Akhirnya kami tiba di Melrimba pada pukul 16:54, itupun antara yakin dan tidak, sehingga kami harus bertanya kepada petugas. Setelah kami perhatikan, memang betul ternyata board penunjuk Melrimba bisa tampak jelas, jika kita datang dari arah Cipanas dan agak menyusahkan untuk dilihat jika kita datang dari arah Puncak. Tapi sudahlah mari kita cari tempat parkir dulu….Melrimba, yang terdiri dari Melrimba Kitchen dan Melrimba Garden, tampak damai dan menyegarkan.

Kami turun dari mobil, disambut oleh hujan dan petugas yang berlari-lari membawa payung untuk kami, dan karena udara sangat dingin dan hujan sudah mulai turun, kami memilih duduk didalam Melrimba Kitchen lebih dahulu, ga mungkin kan hujan-hujanan ke Melrimba Garden? Interior didalam, sesungguhnya cukup menarik, tapi entah kenapa kok remang-remang, apakah hemat listrik atau dibuat sedemikian rupa supaya orang menjadi betah dan privacy terjaga? Ntahlah, yang mengherankan, karena di luar kan sedang hujan, kenapa lampu tidak ditambah, supaya didalam jadi terasa lebih hangat?

Kami duduk di bagian dalam, tapi menghadap keluar, karena baru makan siang yang agak terlambat, kami memesan makanan ringan saja, seperti French Fries, Pancake ala Mode, Pisang Goreng Kipas, Hot Coffee, Hot Chocolate dan Poci Tea, semuanya kami pesan dalam 1 porsi dan mengeluarkan biaya yang cukup terjangkau Rp 119.543,- termasuk pajak service dan PB 1.
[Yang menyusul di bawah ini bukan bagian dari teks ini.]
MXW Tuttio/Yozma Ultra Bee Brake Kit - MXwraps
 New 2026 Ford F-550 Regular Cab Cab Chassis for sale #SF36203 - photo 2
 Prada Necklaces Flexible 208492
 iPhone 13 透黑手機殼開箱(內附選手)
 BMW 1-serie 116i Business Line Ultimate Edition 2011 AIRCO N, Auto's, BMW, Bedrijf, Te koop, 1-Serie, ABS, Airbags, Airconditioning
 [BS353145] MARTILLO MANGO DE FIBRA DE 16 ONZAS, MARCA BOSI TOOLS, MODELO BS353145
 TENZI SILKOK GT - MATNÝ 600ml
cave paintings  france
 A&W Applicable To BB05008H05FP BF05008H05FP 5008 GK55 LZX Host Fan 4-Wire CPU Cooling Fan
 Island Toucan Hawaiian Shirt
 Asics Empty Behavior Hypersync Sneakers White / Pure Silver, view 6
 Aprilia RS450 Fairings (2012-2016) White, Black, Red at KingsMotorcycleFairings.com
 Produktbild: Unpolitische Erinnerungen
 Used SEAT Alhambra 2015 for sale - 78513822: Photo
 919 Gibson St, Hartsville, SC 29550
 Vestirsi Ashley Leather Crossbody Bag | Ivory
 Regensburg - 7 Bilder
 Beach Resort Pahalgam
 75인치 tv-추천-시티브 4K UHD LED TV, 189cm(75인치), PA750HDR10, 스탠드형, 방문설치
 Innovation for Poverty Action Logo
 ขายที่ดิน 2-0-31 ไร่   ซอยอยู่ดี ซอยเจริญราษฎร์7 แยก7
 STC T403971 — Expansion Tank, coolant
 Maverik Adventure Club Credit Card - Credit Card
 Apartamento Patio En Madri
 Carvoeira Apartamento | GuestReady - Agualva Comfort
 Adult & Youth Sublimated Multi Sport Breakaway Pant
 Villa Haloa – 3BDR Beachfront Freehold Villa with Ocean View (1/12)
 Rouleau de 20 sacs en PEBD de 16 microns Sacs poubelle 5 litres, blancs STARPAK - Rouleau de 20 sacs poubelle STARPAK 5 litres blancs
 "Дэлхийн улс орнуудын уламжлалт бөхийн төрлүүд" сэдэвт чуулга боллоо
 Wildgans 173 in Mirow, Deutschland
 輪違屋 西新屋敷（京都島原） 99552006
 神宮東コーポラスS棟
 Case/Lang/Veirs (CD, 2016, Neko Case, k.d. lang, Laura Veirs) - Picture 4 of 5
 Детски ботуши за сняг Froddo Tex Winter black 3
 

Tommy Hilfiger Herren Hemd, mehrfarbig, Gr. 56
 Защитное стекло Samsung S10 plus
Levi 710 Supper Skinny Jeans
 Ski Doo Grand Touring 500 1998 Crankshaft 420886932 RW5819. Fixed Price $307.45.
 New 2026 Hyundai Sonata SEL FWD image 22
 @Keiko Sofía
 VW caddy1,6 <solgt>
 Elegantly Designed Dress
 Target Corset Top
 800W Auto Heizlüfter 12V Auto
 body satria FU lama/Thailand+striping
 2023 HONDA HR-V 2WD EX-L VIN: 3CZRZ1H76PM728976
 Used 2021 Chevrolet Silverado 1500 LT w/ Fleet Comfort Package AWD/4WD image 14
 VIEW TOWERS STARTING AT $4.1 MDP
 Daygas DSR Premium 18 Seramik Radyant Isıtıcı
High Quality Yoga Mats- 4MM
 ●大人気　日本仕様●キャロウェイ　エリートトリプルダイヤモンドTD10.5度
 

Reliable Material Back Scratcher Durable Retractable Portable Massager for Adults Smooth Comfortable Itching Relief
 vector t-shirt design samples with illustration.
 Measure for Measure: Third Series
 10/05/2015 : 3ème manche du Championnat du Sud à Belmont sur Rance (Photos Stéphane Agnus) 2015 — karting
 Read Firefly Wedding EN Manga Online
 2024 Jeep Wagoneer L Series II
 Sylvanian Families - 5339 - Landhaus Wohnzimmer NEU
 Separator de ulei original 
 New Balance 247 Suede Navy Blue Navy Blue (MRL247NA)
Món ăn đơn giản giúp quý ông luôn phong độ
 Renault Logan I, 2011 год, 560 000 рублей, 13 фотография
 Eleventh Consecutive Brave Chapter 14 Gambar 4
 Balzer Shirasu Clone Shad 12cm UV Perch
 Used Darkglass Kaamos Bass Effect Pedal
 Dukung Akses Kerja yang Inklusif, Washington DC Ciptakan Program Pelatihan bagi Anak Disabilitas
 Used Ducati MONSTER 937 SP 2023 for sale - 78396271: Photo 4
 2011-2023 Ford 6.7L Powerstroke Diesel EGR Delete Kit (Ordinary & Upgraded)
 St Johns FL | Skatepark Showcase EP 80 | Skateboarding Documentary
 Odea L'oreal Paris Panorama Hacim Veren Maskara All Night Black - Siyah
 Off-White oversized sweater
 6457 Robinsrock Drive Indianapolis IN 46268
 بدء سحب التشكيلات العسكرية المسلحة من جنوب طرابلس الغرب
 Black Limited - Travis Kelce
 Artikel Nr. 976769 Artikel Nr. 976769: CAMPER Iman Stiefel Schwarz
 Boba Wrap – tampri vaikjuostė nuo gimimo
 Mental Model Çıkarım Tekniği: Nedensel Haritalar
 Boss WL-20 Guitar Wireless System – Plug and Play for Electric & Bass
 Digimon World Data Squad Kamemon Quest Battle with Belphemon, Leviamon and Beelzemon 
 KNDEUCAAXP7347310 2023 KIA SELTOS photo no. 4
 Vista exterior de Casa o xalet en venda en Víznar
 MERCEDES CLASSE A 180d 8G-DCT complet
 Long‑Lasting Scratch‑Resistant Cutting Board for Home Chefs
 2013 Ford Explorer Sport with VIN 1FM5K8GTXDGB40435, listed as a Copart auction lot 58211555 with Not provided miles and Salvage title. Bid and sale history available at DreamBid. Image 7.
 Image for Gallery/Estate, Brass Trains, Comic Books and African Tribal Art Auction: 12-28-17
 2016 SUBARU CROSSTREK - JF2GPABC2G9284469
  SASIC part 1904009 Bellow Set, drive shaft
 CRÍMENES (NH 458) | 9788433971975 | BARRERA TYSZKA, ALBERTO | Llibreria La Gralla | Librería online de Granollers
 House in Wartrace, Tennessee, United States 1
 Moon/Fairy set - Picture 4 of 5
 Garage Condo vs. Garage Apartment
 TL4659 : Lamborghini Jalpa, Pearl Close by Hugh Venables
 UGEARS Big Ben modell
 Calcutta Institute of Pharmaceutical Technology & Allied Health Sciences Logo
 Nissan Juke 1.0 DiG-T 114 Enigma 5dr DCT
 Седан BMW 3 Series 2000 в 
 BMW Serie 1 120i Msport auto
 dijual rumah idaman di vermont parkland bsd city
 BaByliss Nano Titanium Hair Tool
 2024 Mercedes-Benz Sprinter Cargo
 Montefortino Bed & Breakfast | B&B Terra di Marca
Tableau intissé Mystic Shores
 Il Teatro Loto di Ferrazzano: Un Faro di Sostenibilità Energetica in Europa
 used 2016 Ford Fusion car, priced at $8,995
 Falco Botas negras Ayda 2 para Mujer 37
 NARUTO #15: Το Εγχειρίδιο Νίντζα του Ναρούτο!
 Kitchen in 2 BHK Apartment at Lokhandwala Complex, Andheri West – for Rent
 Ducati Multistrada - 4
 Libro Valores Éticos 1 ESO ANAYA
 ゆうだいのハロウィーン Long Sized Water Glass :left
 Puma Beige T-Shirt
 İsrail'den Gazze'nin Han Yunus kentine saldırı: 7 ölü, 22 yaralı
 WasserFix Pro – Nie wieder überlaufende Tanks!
French Fries nya disajikan dalam piring persegi panjang, kentangnya dipotong kotak-kotak, agak lebih besar dari korek api, renyah, garing, dinikmati bersama saus tomat dan saus sambal, sudah tentu ini menjadi pilihan si bungsu Daniel. Harga untuk FF ini seharga Rp 14.000,-

Pancake ala Mode, juga ga kalah menarik dan nikmat, disajikan dalam piring bulat, ada dua tumpukan pancake, bersama vla dan es krim, hmm…sedap, harganya hanya Rp 20.000,- kata anakku, sajian yang sama di Teras Kota, BSD, dibandrol dengan harga yang jauh lebih mahal. Jadi menurut anakku, harga segitu itu cukup murah.

Pesanan berikutnya, Pisang Goreng Kipas, dikenakan harga Rp 18.500,- pisangnya agak asam, menurut aku, ntah karena masih muda atau memang jenis pisangnya, karena selain teridiri dari dua pisang dibentuk kipas dan digoreng tepung, gorengan ini dilengkapi dengan gula palem, mentega dan susu, yang membuat ini semua menjadi manis. Aku tidak terlalu suka yang seperti ini, karena yang aku inginkan ya pisang gorengnya, bukan aksesorisnya. Tapi okelah untuk menghilangkan rasa dingin dan ditemani dengan the poci hangat dan gula batu.

Secangkir kopi hitam dengan harga Rp 17.000,- dan secangkir susu coklat hangat dengan harga Rp 19.000,- juga menemani seluruh sajian yang kami pesan bersama-sama.